Installing the cluster software
- To install CentOS cluster server you can run yum groupinstall on each node in
the cluster:
yum groupinstall "Cluster Storage" "Clustering”
- If the software isn’t already installed on a node, the cluster will install
the required packages when you add the node to the cluster
Creating a cluster
- You can create the cluster in one of three ways
- Create /etc/cluster/cluster.xml
- Run system-config-cluster
- Use the conga web interface
- Once the cluster has been created, you can add fence devices, resources,
services and failover domains using one of the methods listed above
Cluster configuration
- The cluster configuration is stored in /etc/cluster/cluster.xml on each node
- Each tag in the cluster.xml file contains a configuration entity, such as the
name of a node in the cluster, the fence device to use for each node, and a
list of resources, services and failover domains
Example cluster.xml
<?xml version="1.0"?>
<cluster name="mycluster" config_version="1">
<clusternodes>
<clusternode name="node1.example.com" nodeid="1">
<fence>
<method name="1">
<device name="ipmi-node1"/>
</method>
</fence>
</clusternode>
<clusternode name="node2.example.com" nodeid="2">
<fence>
<method name="1">
<device name="ipmi-node2"/>
</method>
</fence>
</clusternode>
</clusternodes>
<fencedevices>
<fencedevice agent="fence_ipmilan" name="ipmi-node1"
ipaddr="192.168.1.101" login="admin" passwd="secret"/>
<fencedevice agent="fence_ipmilan" name="ipmi-node2"

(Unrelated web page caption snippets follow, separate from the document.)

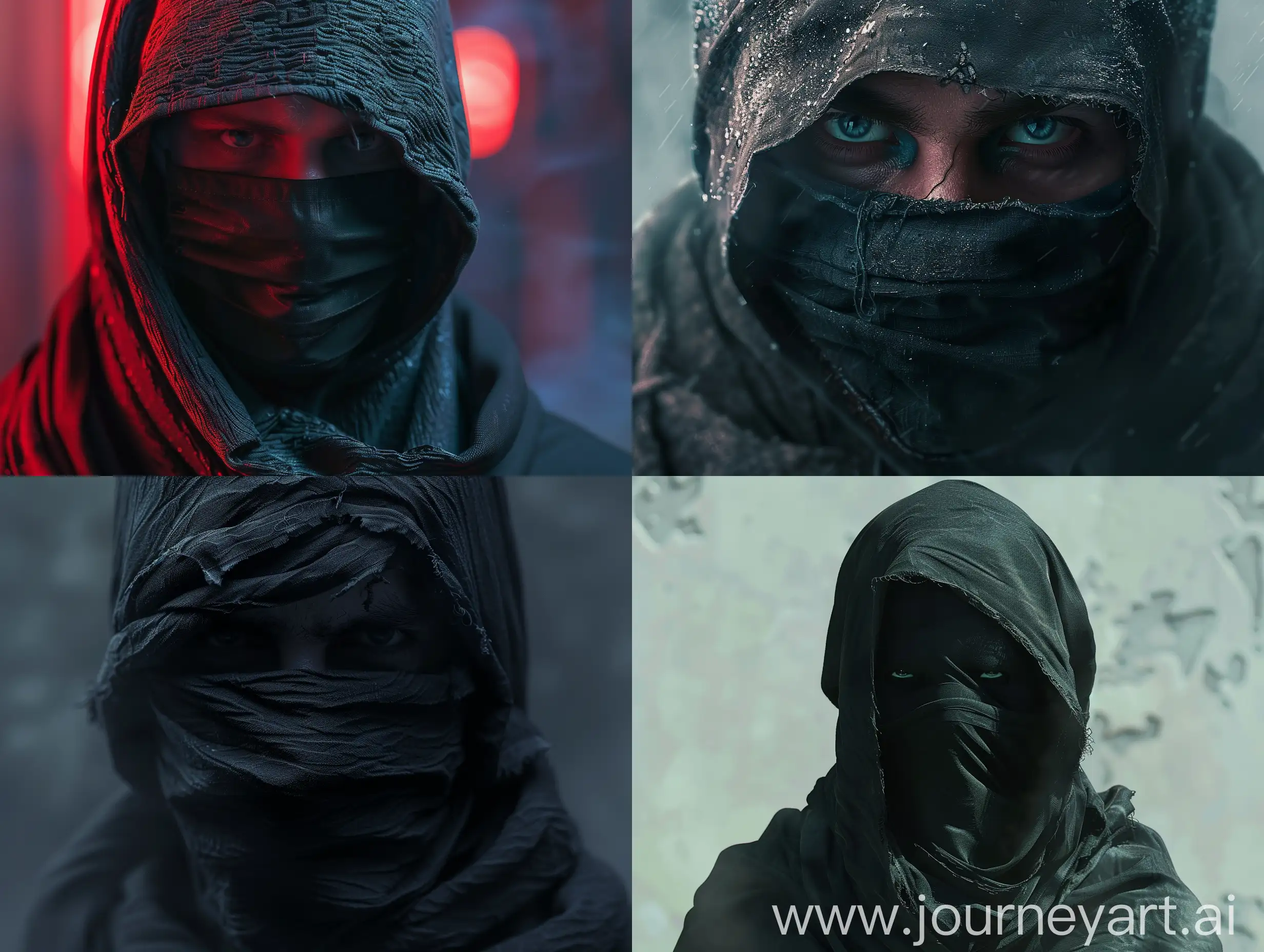 Mysterious-Man-in-Black-Hood-with-Mask-Realistic-Portrait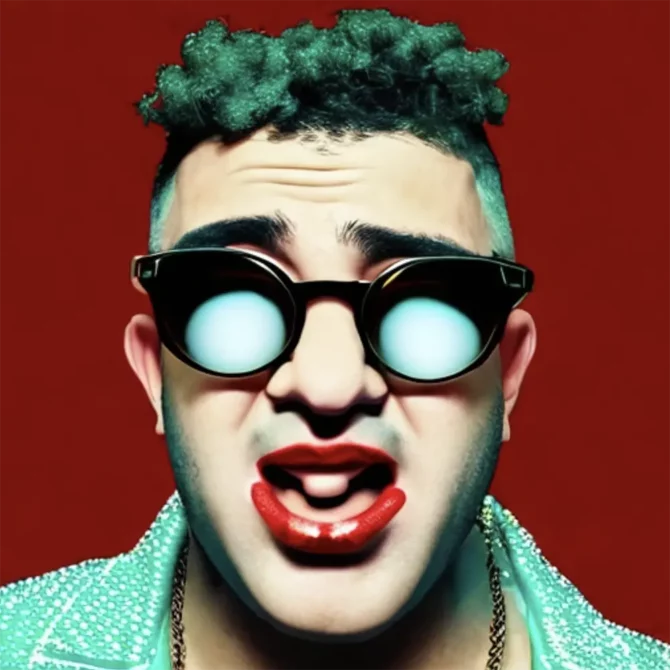 Bad Bunny in the style of Anonymous     62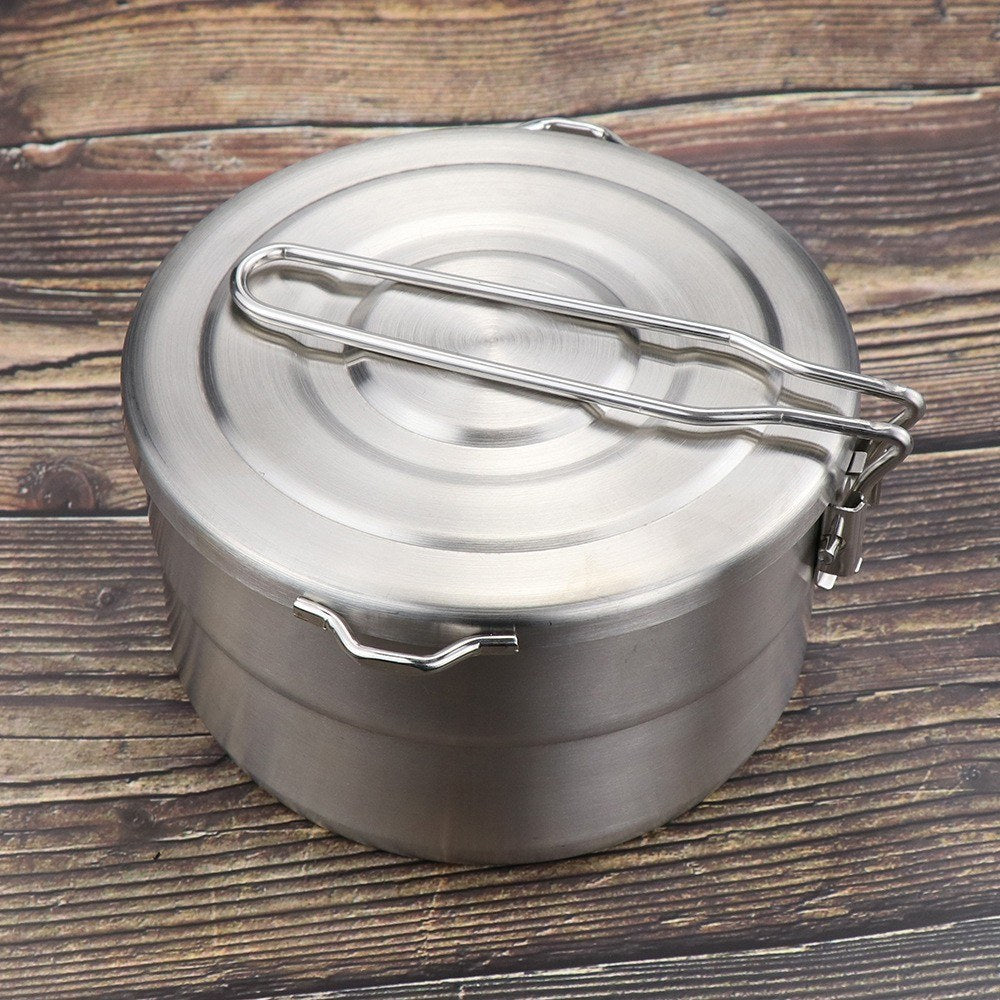 1.5L Stainless Steel Camping Pot with Storage Bag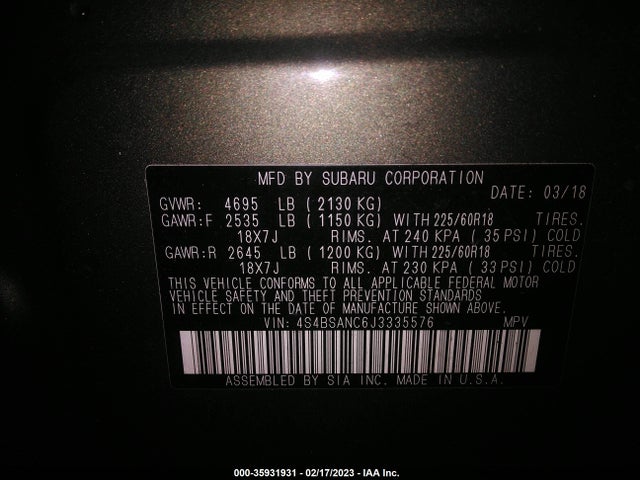 2018 SUBARU OUTBACK LIMITED VIN: 4S4BSANC6J3335576
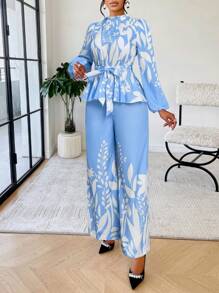 AIJ Amarilo 女士花卉印花腰收腰衬衫&阔腿裤套装两件套（定位印花）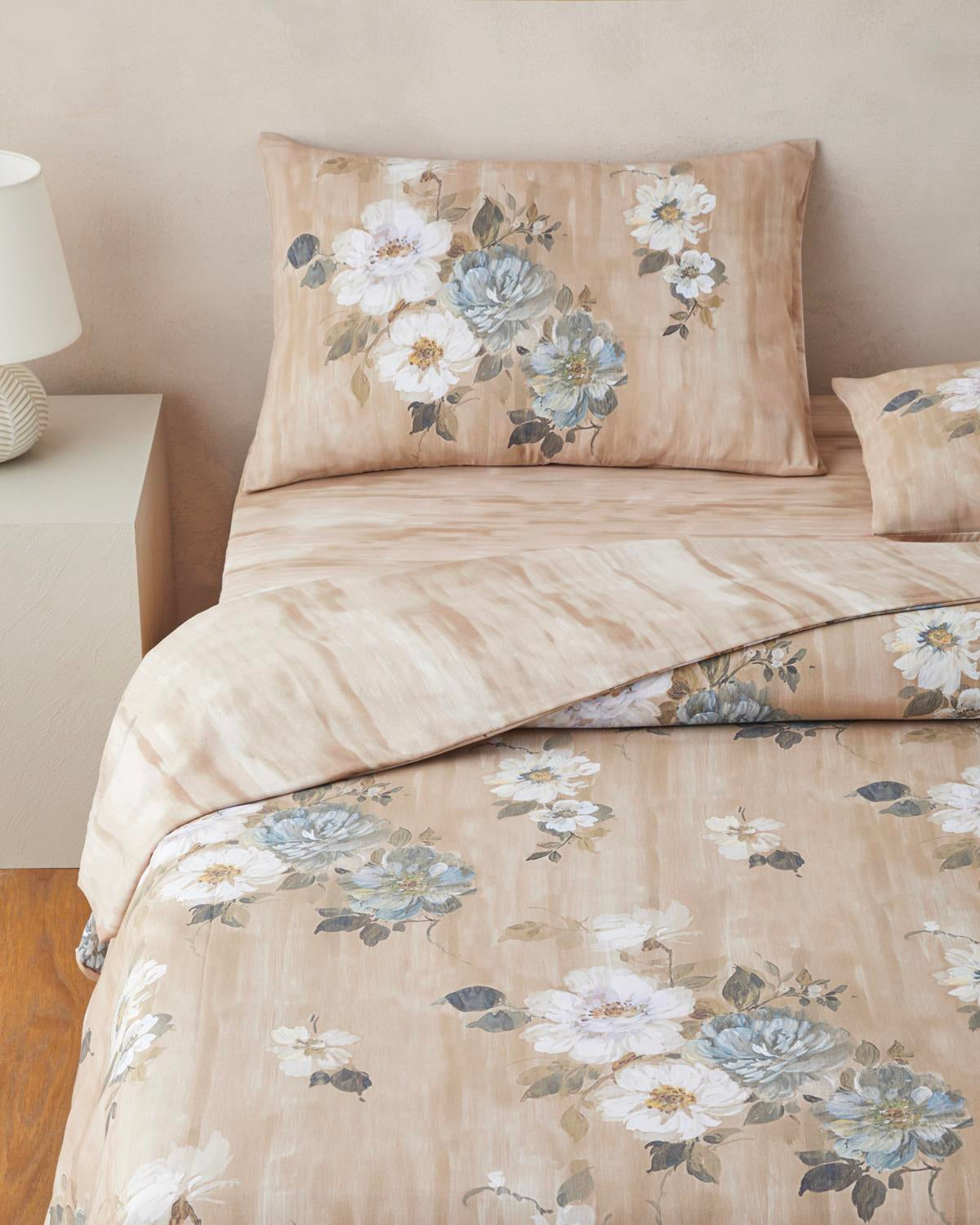 Professional Grade Digital Print Easy Iron Single Bedding Set   Brown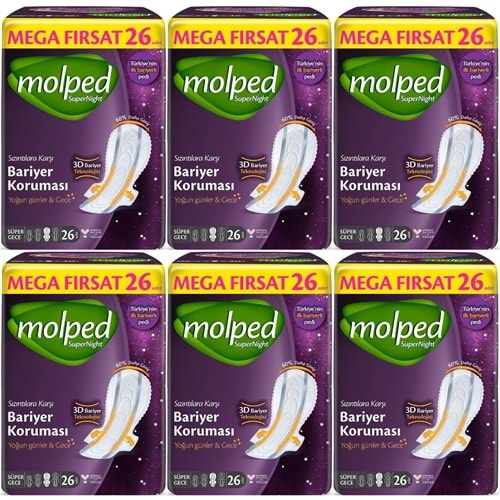 Molped Süper Night Hijyenik Ped Süper Gece 156 Adet Mega Fırsat Pk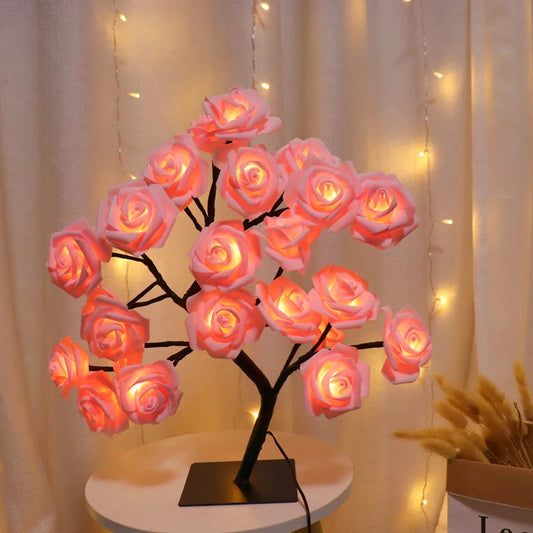 LED Rose Tree Lights 24LEDs - USB Operated Table Lamp - Atmosphere Lighting - Wedding Party Gift, Mother's Day, V-Day & Just Because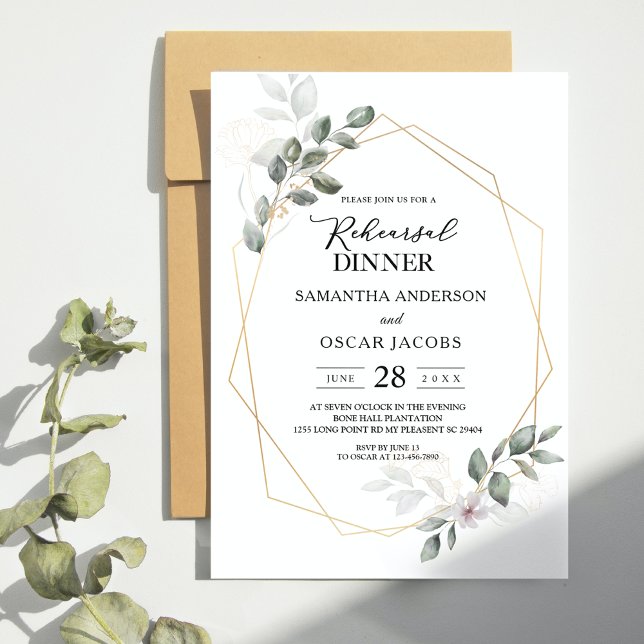  Gentle Greenery Watercolor Leaf Frame & Flower Invitation (Creator Uploaded)
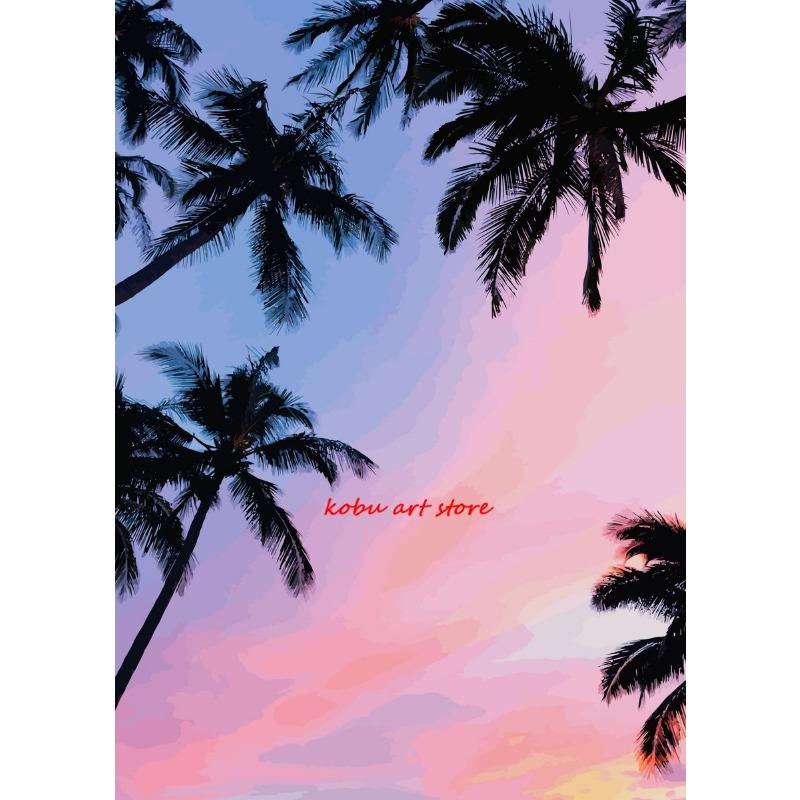 

Розовый пляж Океанский пейзаж Холст Живопись Постеры Принты Серфинг Кокосовая пальма Скандинавское настенное искусство Картина для гостиной Домашний декор 21cm×30cm NoFrame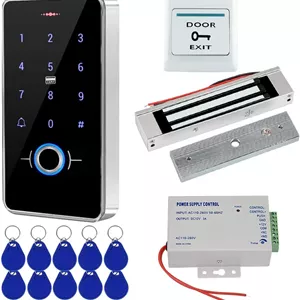 کیت سیستم کنترل دسترسی درب FST، ضد آب IP68، صفحه کلید اثر انگشتی RFIDقفل مغناطیسی برقی 180 کیلوگرمی10 عدد جاسوئیچی، مناسب فضای باز و منزل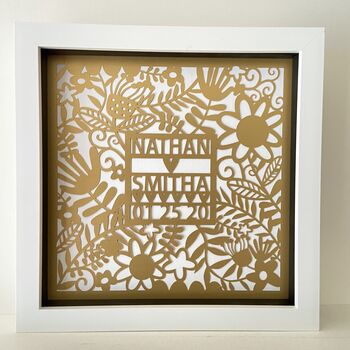 Personalised Framed Wedding Anniversary Paper Cut, 7 of 11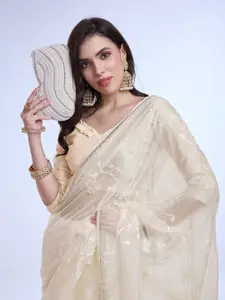 Mitera Sequinned Embroidered Saree With Blouse Piece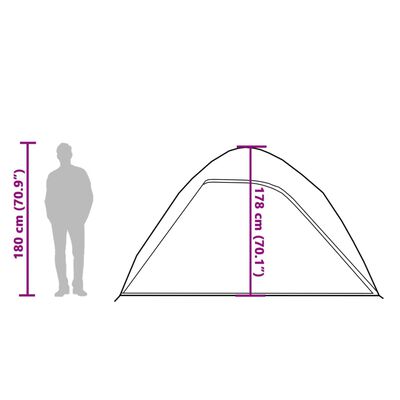 vidaXL Tenda familiar cúpula p/ 6 pessoas opaca impermeável branco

ipaddr="192.168.1.102" login="admin" passwd="secret"/>
</fencedevices>
<rm>
<failoverdomains>
<failoverdomain name="domain-1" ordered="1" restricted="1">
<failoverdomainnode name="node1.example.com" priority="1"/>
<failoverdomainnode name="node2.example.com" priority="2"/>
</failoverdomain>
</failoverdomains>
<resources>
<ip address="192.168.1.200" monitor_link="1"/>
</resources>
<service name="my-service" domain="domain-1" autostart="1">
<ip ref="192.168.1.200"/>
</service>
</rm>
</cluster>
Cluster utilities
- There are a number of utilities that can be used to manage a cluster:
- clustat – displays cluster status
- clusvcadm – controls cluster services
- ccs_tool – manages the cluster configuration
- cman_tool – manages the cluster members
- fence_tool – manages fencing operations
- mkqdisk – manages quorum disks
Cluster processes
- There are a number of processes that make up the cluster suite:
- cman – controls overall cluster operation
- fenced – manages fencing operations
- clurgmgrd – controls resources
- gfs and dlm kernel threads
- The processes (e.g., httpd) that run your application
Debugging cluster problems
- If your cluster is acting up, you will want to review the default logging data
in /var/log/* to see what is going on - Debug stanzas can be added to each
cluster facility to get additional debugging data:
<logger debug=”on” ident=”CMAN” to_stderr=”yes”/>
- The Redhat bugzilla archives are a great resource for finding solutions to
problems, and for troubleshooting sporadic issues
Conclusion
- CentOS cluster server has a number of cool features, and won’t cost you a dime
to deploy (you don’t get support though)
- If you decide to use CCS, make SURE you have approved hardware and fencing
devices. If you don’t, you are asking for trouble (and data loss!)!